Additionally, exploratory descriptive analyses examined reported OSA at phone screening. Results indicated that of 1625 subjects who reported signs of depression, 64 disclosed a diagnosis of OSA. Chi-square analysis suggested that although the majority of participants did not report OSA during phone screening, those with depression were much more likely to have received a diagnosis of OSA than presumptive control subjects [five of 713; χ2 (1, N =2338) = 18.132, P <0.001]. Specifically, participants who screened positive for depression were 5.86 times more likely to report a diagnosis of OSA than controls. Furthermore, all of the participants (14 out of 631 total participants) who were excluded from sleep studies between 1991 and 2005 due to severe SDB detected on the first night of PSG had been diagnosed with MDD.
The primary aim of this study was to delineate the relationship between SDB and depression using laboratory PSG. Even after excluding individuals with clinically significant SDB through self-report (phone screening) and first-night PSG, those with MDD still exhibited more flow-limitation events than HCs, suggesting a relationship between SDB and depression. Group differences were more notable in hypopneas than in occult-hypopneas, suggesting that the relationship between disordered breathing and depression is possibly related to the degree of hypoxia. Results also suggest that future research should examine the efficacy of CPAP or other treatments for sub-clinical SDB in MDD.
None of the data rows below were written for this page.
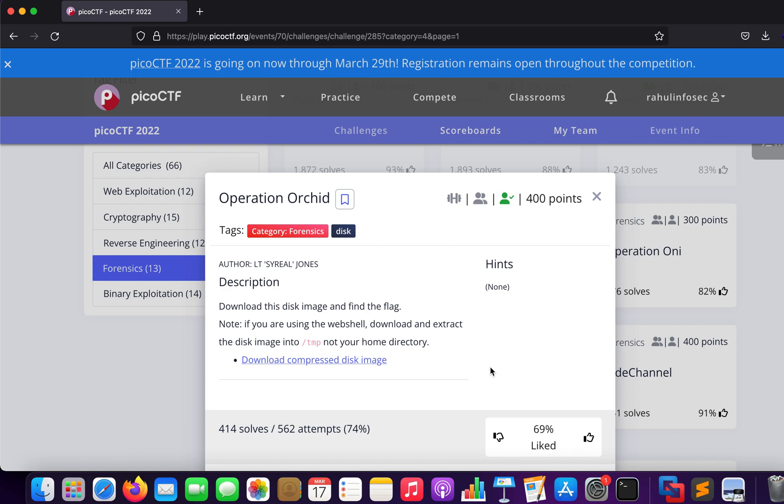Hey what is up everybody, my name is Rahul and in this video we'll be looking at a challenge called Operation Orchid. The description says download the image file and find the flag.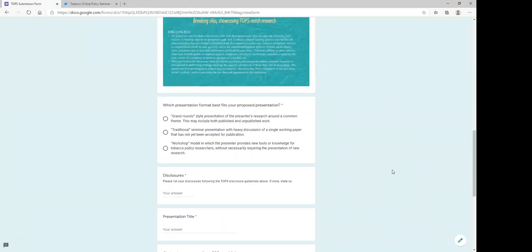Seminar talks will generally follow one of three formats: one, a grand round style presentation of the presenter's research around a common theme; two, a traditional presentation of a single paper; or three, a workshop in which the presenter provides new tools or knowledge for tobacco policy researchers.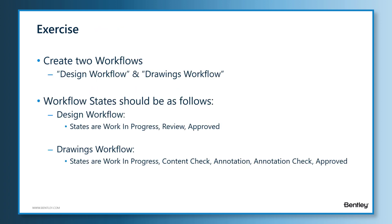The exercise for this lesson is we will create two workflows. They are Design Workflow and the Drawings Workflow. The Design Workflow will have three states: Work in Progress, Review, and Approved.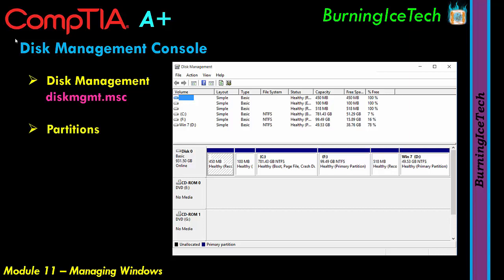The blue blocks you see represent partitions. Think of partitioning like cutting a pizza or pie into slices — there's not suddenly more pizza, you've just divided it into smaller pieces. Why you partition and how many times is up to your unique needs. For example, if you need two virtual hard drives from one physical drive, you partition it. I'll show you how in just a moment.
These findings have implications for current standards of depression research, especially because this sample was derived within a research context. While sleep research on depression routinely excludes for diagnosable OSA, most if not all do not account for sub-clinical levels of SDB. Results showing group differences based on the decrease of airflow, rather than subsequent arousals, further support hypoxia as an important variable in the relationship between SDB and depression. Adopting a dimensional approach to SDB may be a better way of characterizing the relationship between MDD and SDB.
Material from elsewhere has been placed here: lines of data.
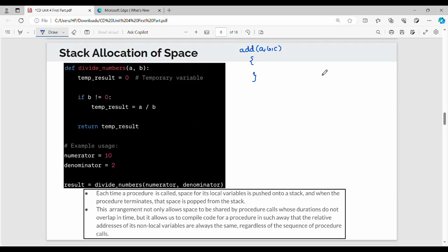Hi friends, welcome back. In the video, Unit 4 for compiler design is stack allocation of space. Fundamentally, stack number space, activate activation record and activation trees is very easy. So now a simple program.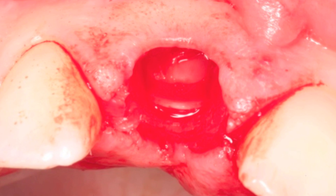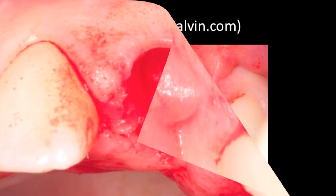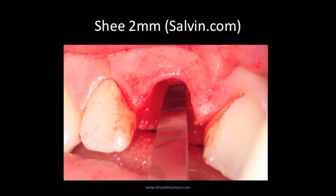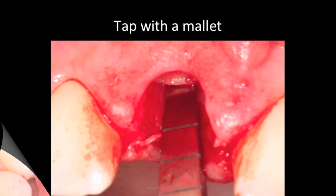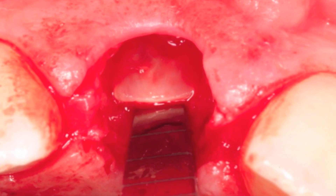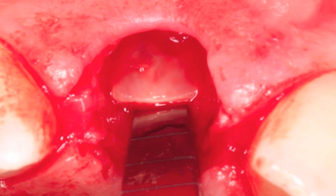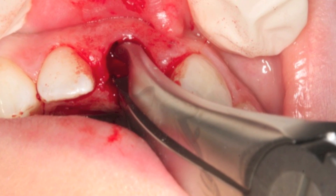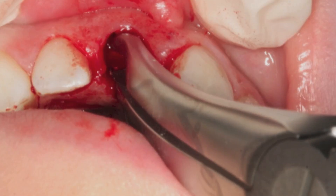What I like to do in these cases is to stay away from the buccal plate. So I'll use a Shea 2-millimeter tool from Salvin.com, get behind the tooth because I'm going to be removing a little bit of bone in that area anyway, and then I'm able to get the tooth out fairly easily. You kind of laterally displace it and then get that tip out.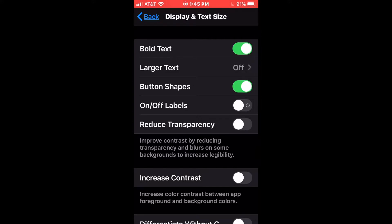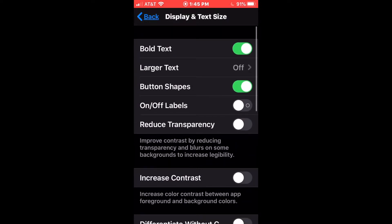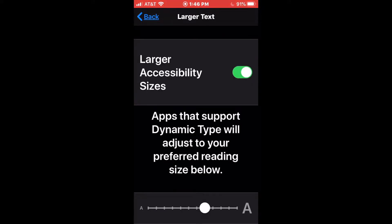Here we have a number of options which will affect things throughout our phone. For example, bold text will make the text on the phone bolder. Larger text, which is probably one of the ones we're going to be most interested in, is going to enlarge the size of the font on our phone. It will change the size of the text in the menus, but also change the size of text message text and things like that. Let's go ahead and turn it on. I'm going to turn on the larger accessibility sizes. That allows me to use a slider at the bottom to adjust the size of text. And we can see instantly that the size of the text in this menu has become much larger.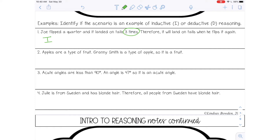Now let's talk about if that's true or not. That won't necessarily always be true. Just because you landed on tails three different times, the chance of landing on tails again is still a one out of two chance because there are two sides to a normal balanced coin. So that's not necessarily true.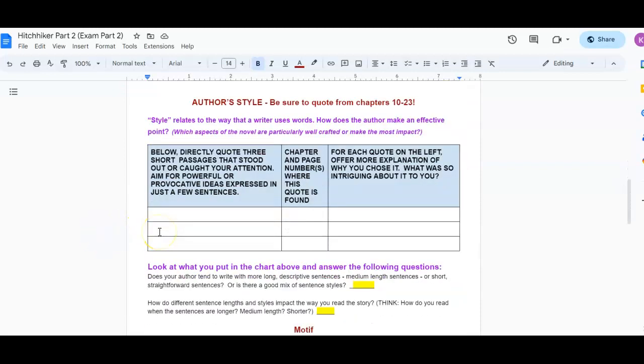Author style. You're going to make sure that you need to quote from chapters 10 through 23. And keep in mind, the style relates to the way that a writer uses words. How does the writer make an effective point? Which aspects of the novel are particularly well crafted and or make the most impact? So you're going to provide, directly quote, three short passages that stood out or caught your attention. Aim for powerful or provocative ideas expressed in just a few sentences. You need to put the chapter and page number where you found the quote. And then for each quote on the left, offer more explanation of why you chose it. What is so intriguing about it?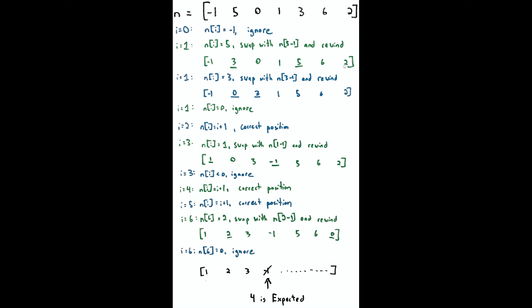In the next step, nums[i]=3. We want to swap with nums[3-1] and rewind again. So now we have [-1, 0, 3, 1, 5, 6, 2]. This thing is a little bit closer still to being sorted. At i=1, nums[i]=0, so ignore. At i=2, this is something we've visited already so it's in the correct position. Nums[2] equals 2+1, which is true, so we're going to ignore that.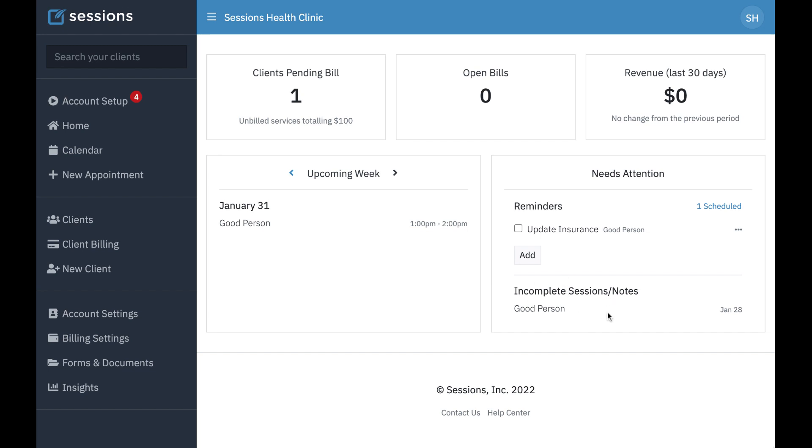Under incomplete sessions and notes, we're going to see any sessions that still have remaining work to do. For example, in this case, there's a note that hasn't been done. And this will make sure that we don't miss any important work.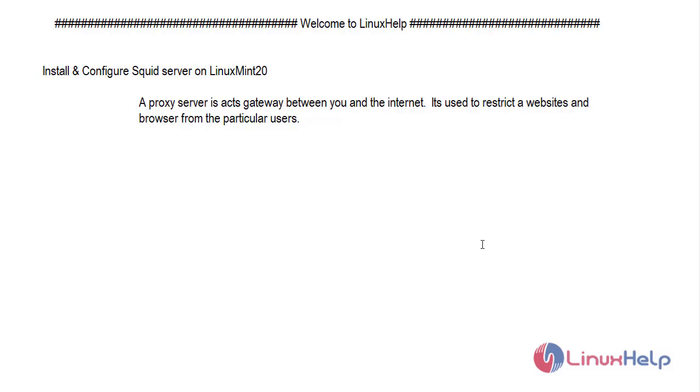Welcome to LinuxHelp. Today we are going to see how to install and configure Squid server on Linux Mint 20. A proxy server acts as a gateway between you and the internet. It is used to restrict websites and browsers from particular users.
Limitations of the current study include the use of archival data from studies that were not originally designed to assess SDB. Other limitations include the small sample size and a lack of pressure transducer data to confirm the nature of the disordered breathing events.
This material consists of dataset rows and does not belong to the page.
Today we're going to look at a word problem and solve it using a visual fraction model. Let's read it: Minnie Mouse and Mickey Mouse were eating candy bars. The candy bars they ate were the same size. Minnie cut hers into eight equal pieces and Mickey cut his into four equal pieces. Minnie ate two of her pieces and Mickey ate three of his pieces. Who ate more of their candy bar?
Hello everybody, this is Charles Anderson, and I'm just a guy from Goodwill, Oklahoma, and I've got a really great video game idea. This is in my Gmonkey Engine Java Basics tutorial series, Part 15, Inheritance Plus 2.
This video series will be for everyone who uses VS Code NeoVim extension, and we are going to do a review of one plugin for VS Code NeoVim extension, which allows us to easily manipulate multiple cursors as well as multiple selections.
This study revealed higher levels of SDB in MDD, even after excluding individuals with clinically significant SDB. This result suggests that screening and quantification of SDB should be standard practice in depression research and clinical care.
This research was supported in part by National Institute of Mental Health (NIMH) Grant R01-MH061515, awarded to Roseanne Armitage. Support for the second author was provided by NIMH Institutional Training Grant T32-MH019836. The content of this manuscript is solely the responsibility of the authors, and does not necessarily represent the official views of NIMH or NIH. The authors would also like to thank the UM Department of Psychology, Department of Psychiatry, and the Depression Center for their continued support.
Conflict of Interest
The authors declare that they have no conflict of interest.